DATA |
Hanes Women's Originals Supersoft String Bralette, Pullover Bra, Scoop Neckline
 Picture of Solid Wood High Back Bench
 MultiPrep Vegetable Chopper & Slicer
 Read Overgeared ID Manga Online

---

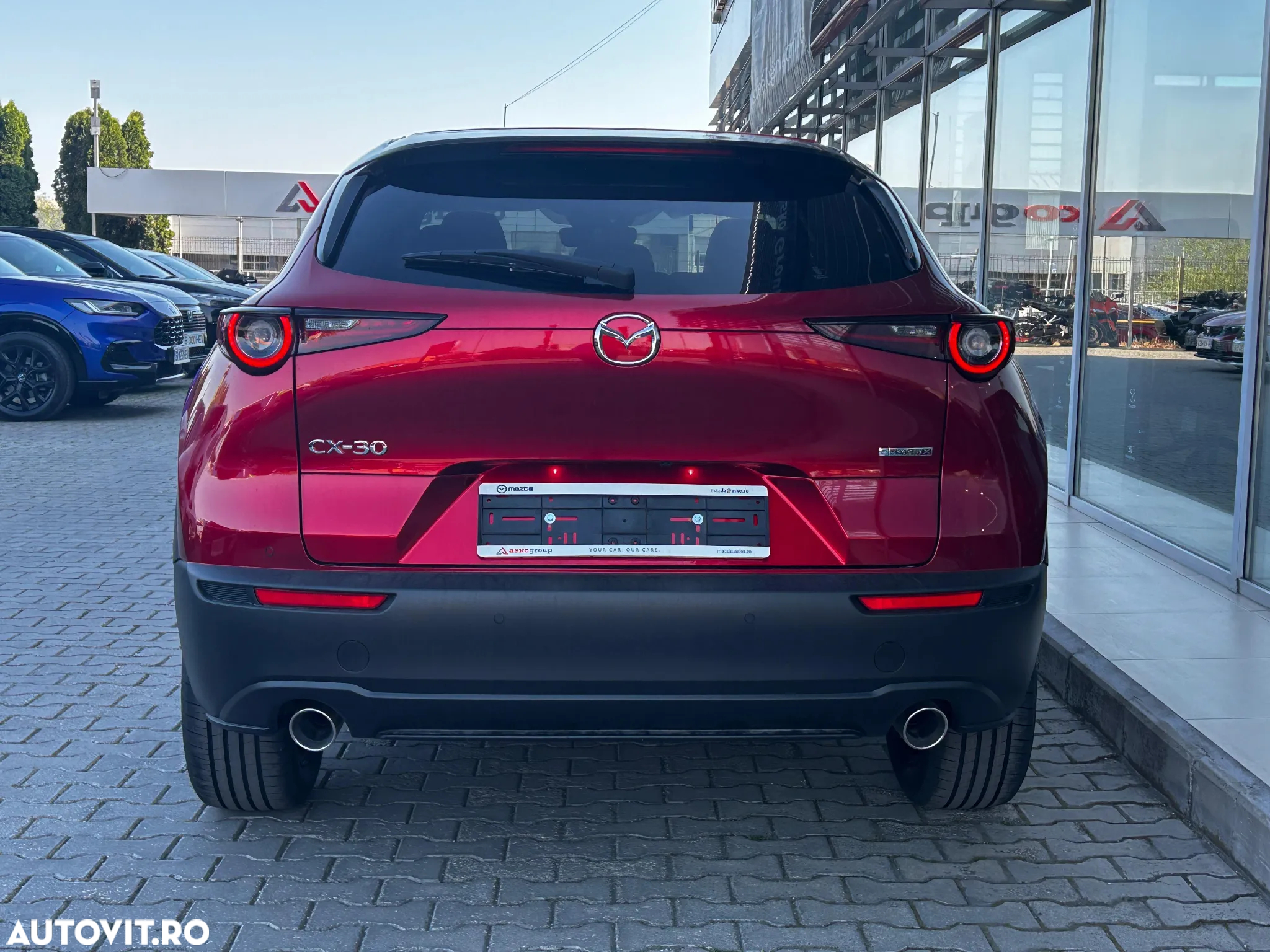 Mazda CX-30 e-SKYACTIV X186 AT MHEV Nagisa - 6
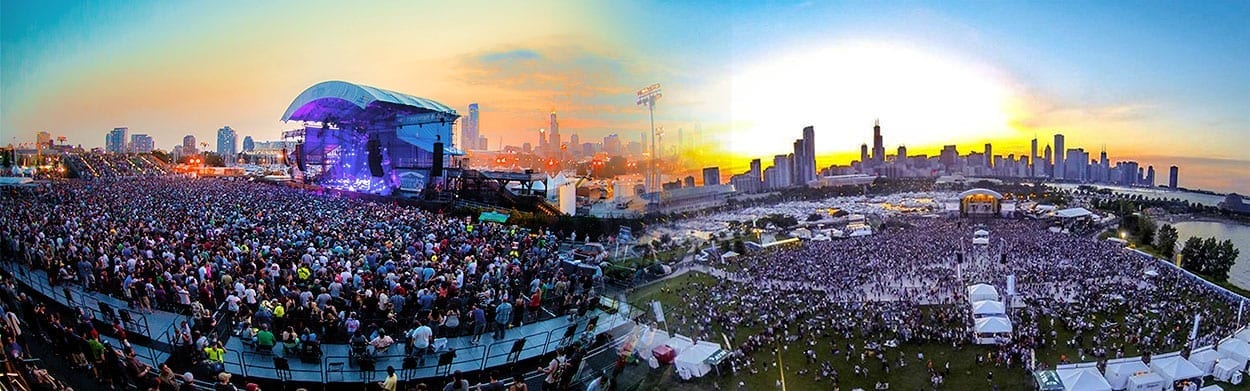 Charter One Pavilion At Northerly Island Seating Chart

EXERCISE AIM |
Repeat, word for word, the lines above between the line holding "Picture of Solid Wood High Back Bench" and the line holding "Read Overgeared ID Manga Online", inclusive; omit everything else.

WRITTEN RESPONSE |
 Picture of Solid Wood High Back Bench
 MultiPrep Vegetable Chopper & Slicer
 Read Overgeared ID Manga Online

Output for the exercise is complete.